───── Records supplied

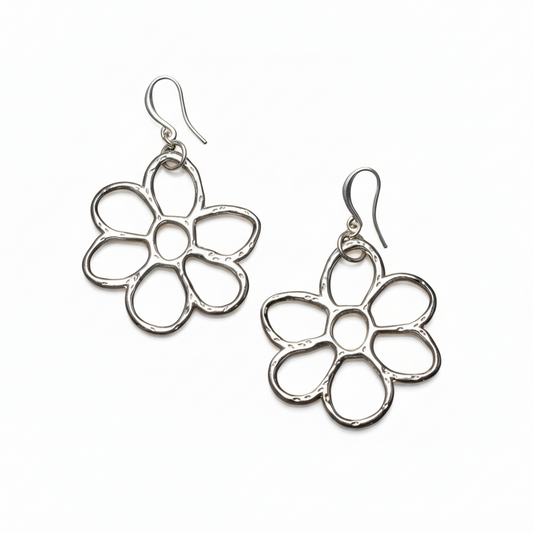 Silver plate open flower drop earrings boho floral jewelry handmade in Bali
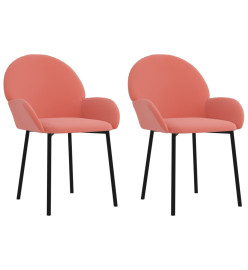 Chaises à manger lot de 2 Rose Velours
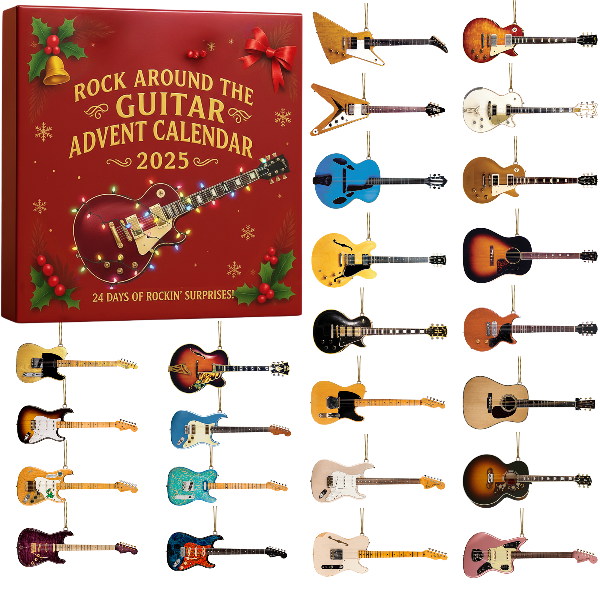 Gitaar Adventskalender 2025 – 24 Miniatuur Gitaren
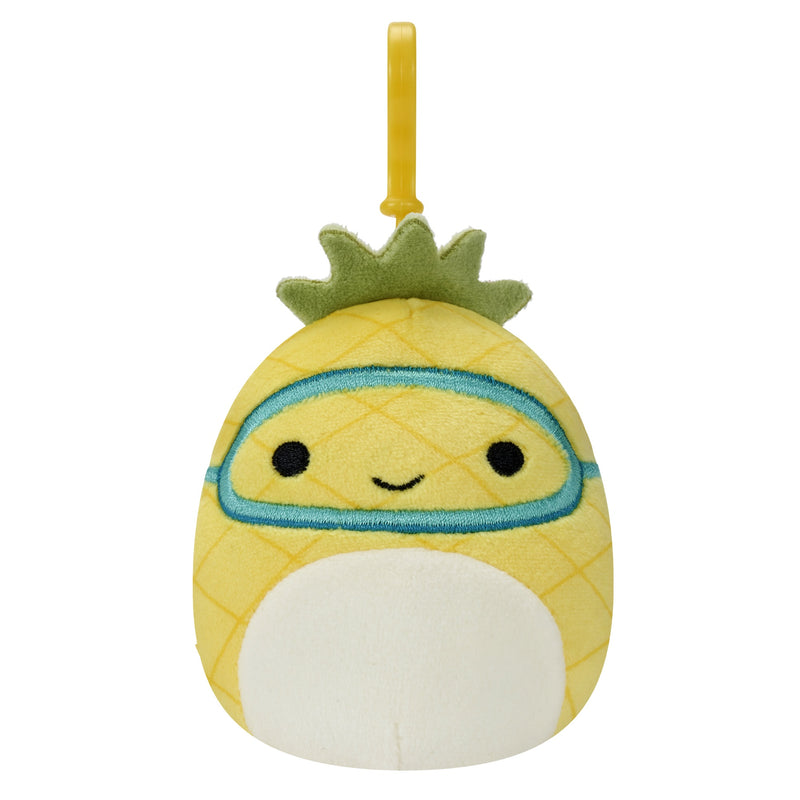 Squishmallows kulcstartós plüssfigura 9 cm - Maui az ananász búvármaszkkal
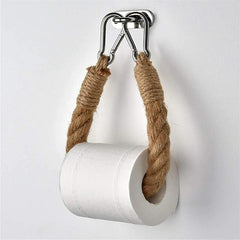 Vintage Hemp Rope Toilet Paper Holder - Easy Assembly, Jute Towel Holder for Bathroom or Kitchen, Toilet Roll Holder, Knitting Towel Rack, Bathroom Hanging Towel Hook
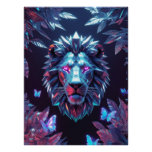 Surreal Geometric Lion Jungle – Futuristic Poster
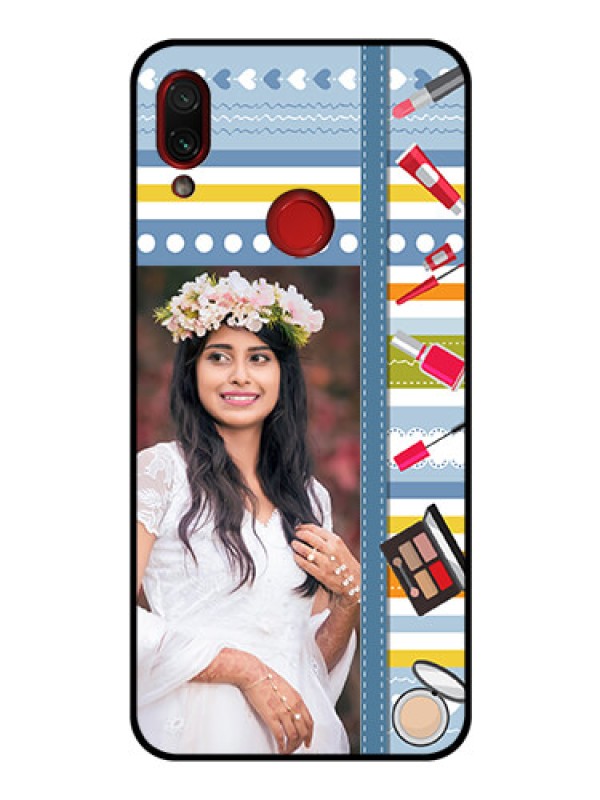 Custom Redmi Note 7 Personalized Glass Phone Case  - Makeup Icons Design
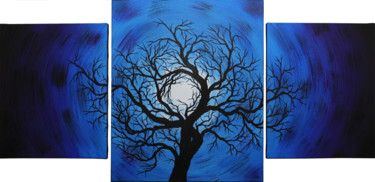 Painting titled "Nuit d’arbre" by Jonathan Pradillon, Original Artwork, Acrylic Mounted on Wood Stretcher frame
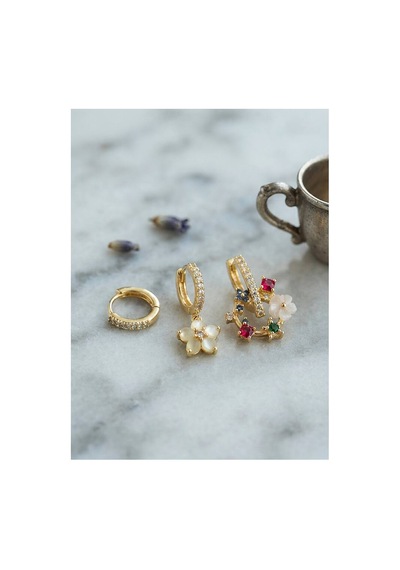 3 Lü Set Gold Renk Çiçek Model Küpe Tj-bkp11964 Evimdeyokyok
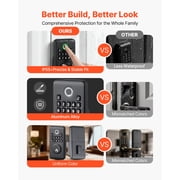 KFFKFF Fingerprint Door Lock Set, Electronic Biometric Deadbolt with Handle, Ergonomic Grip Design, Keyless Entry, Auto Locking, Temporary Code, Privacy Protection, Matte Black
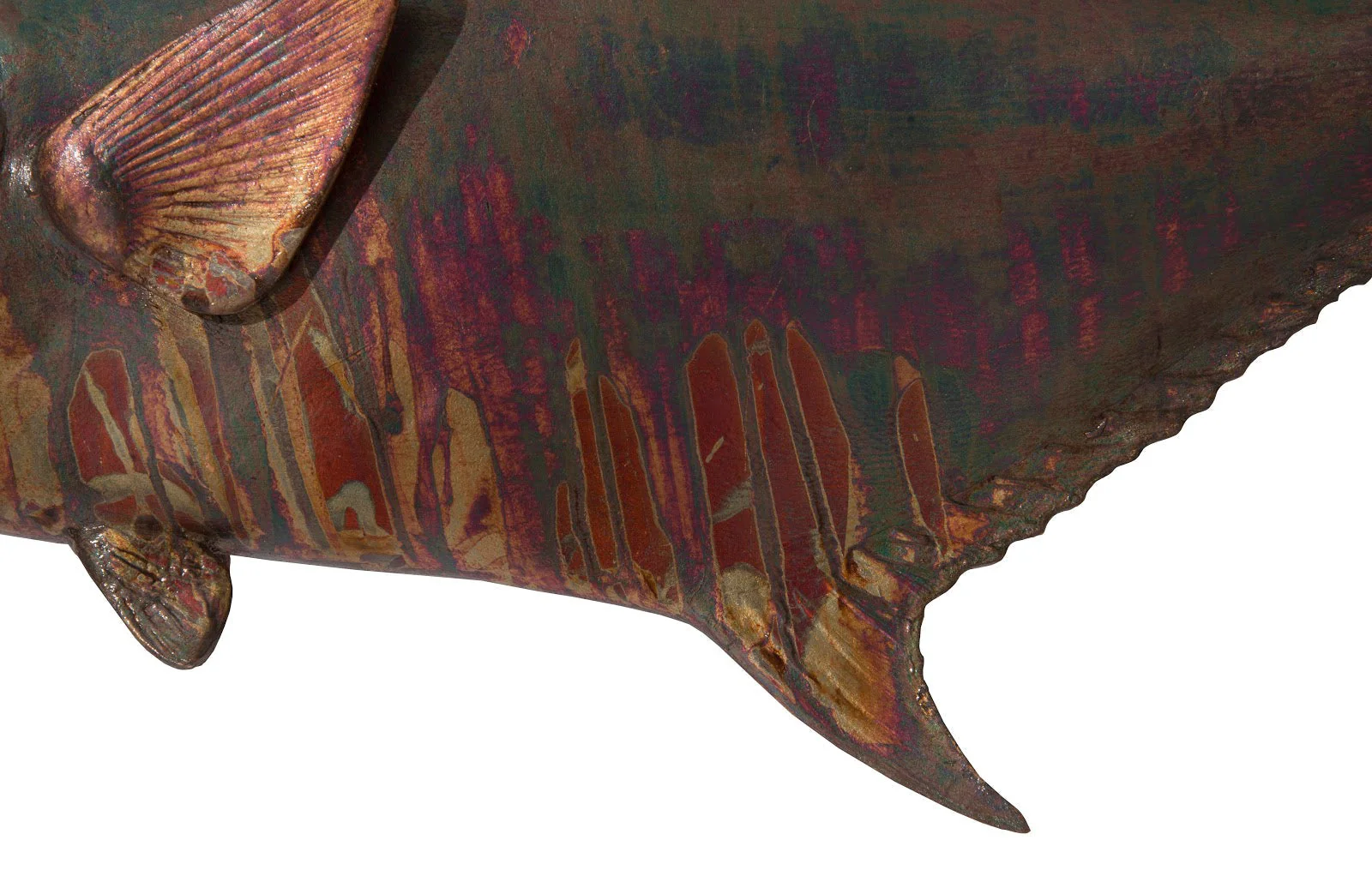Phillips Collection Permit Fish Wall Sculpture, Resin, Copper Patina Finish - Image 4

──────────

What is needed :: Would you please repeat each record exactly? Leave the pictures out.

Response area ::
 Silver plate open flower drop earrings boho floral jewelry handmade in Bali
 Chaises à manger lot de 2 Rose Velours
 Gitaar Adventskalender 2025 – 24 Miniatuur Gitaren
 Squishmallows kulcstartós plüssfigura 9 cm - Maui az ananász búvármaszkkal
 Vintage Hemp Rope Toilet Paper Holder - Easy Assembly, Jute Towel Holder for Bathroom or Kitchen, Toilet Roll Holder, Knitting Towel Rack, Bathroom Hanging Towel Hook
 Surreal Geometric Lion Jungle – Futuristic Poster
 Custom Redmi Note 7 Personalized Glass Phone Case  - Makeup Icons Design
 Painting titled "Nuit d’arbre" by Jonathan Pradillon, Original Artwork, Acrylic Mounted on Wood Stretcher frame
 3 Lü Set Gold Renk Çiçek Model Küpe Tj-bkp11964 Evimdeyokyok
 KFFKFF Fingerprint Door Lock Set, Electronic Biometric Deadbolt with Handle, Ergonomic Grip Design, Keyless Entry, Auto Locking, Temporary Code, Privacy Protection, Matte Black
Phillips Collection Permit Fish Wall Sculpture, Resin, Copper Patina Finish - Image 4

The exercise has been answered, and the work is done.